🤖 AI Summary
This paper addresses the computation of the Wasserstein barycenter under ε-differential privacy constraints. The Wasserstein barycenter—defined as the Fréchet mean of a set of probability distributions with respect to the Wasserstein metric—plays a key role in machine learning and statistical analysis; however, its input empirical distributions often derive from sensitive data, necessitating rigorous privacy protection. We propose the first ε-differentially private framework for Wasserstein barycenter computation: it injects noise into the empirical distributions guided by optimal transport geometry and refines the result via synthetic data optimization. Evaluated on real-world datasets—including MNIST and U.S. Census data—the method efficiently computes private barycenters while providing strict theoretical privacy guarantees. It substantially outperforms existing baselines, achieving the state-of-the-art privacy–accuracy trade-off.
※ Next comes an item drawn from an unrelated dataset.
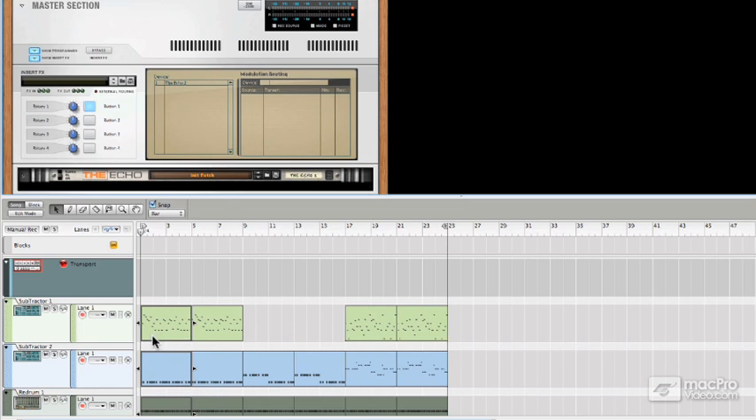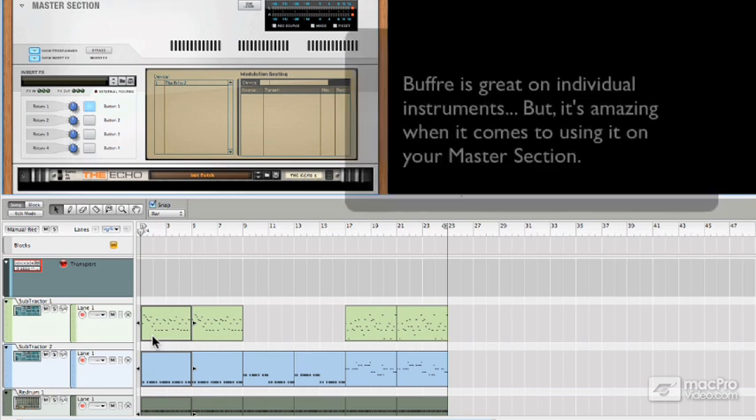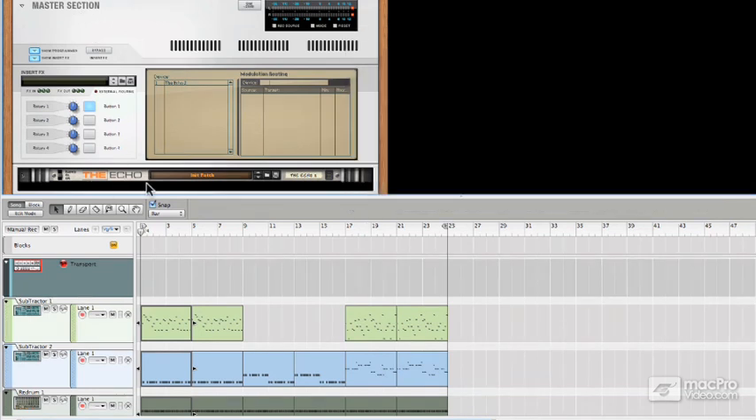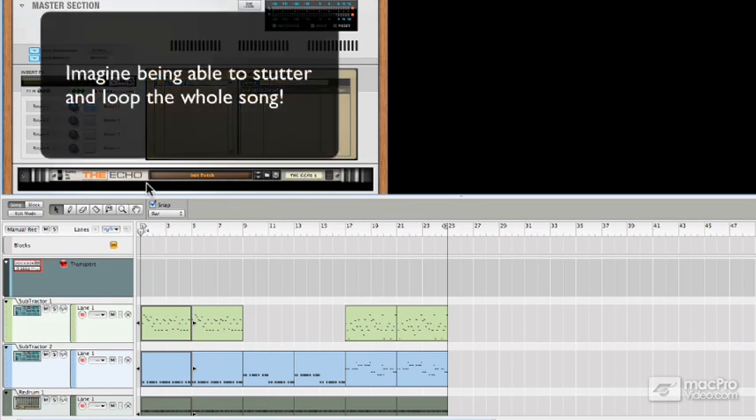But nothing, in my opinion, comes close to how cool and how much fun Buffer can be when it's assigned to the Reason Master section, or in other words, as an insert for your master stereo outs. When Buffer is set up to affect the master outputs of your entire production, you literally get to stutter, reverse, and loop everything.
This work establishes a novel interdisciplinary bridge between differential privacy and optimal transport theory.
📝 Abstract
The Wasserstein barycenter is defined as the mean of a set of probability measures under the optimal transport metric, and has numerous applications spanning machine learning, statistics, and computer graphics. In practice these input measures are empirical distributions built from sensitive datasets, motivating a differentially private (DP) treatment. We present, to our knowledge, the first algorithms for computing Wasserstein barycenters under differential privacy. Empirically, on synthetic data, MNIST, and large-scale U.S. population datasets, our methods produce high-quality private barycenters with strong accuracy-privacy tradeoffs.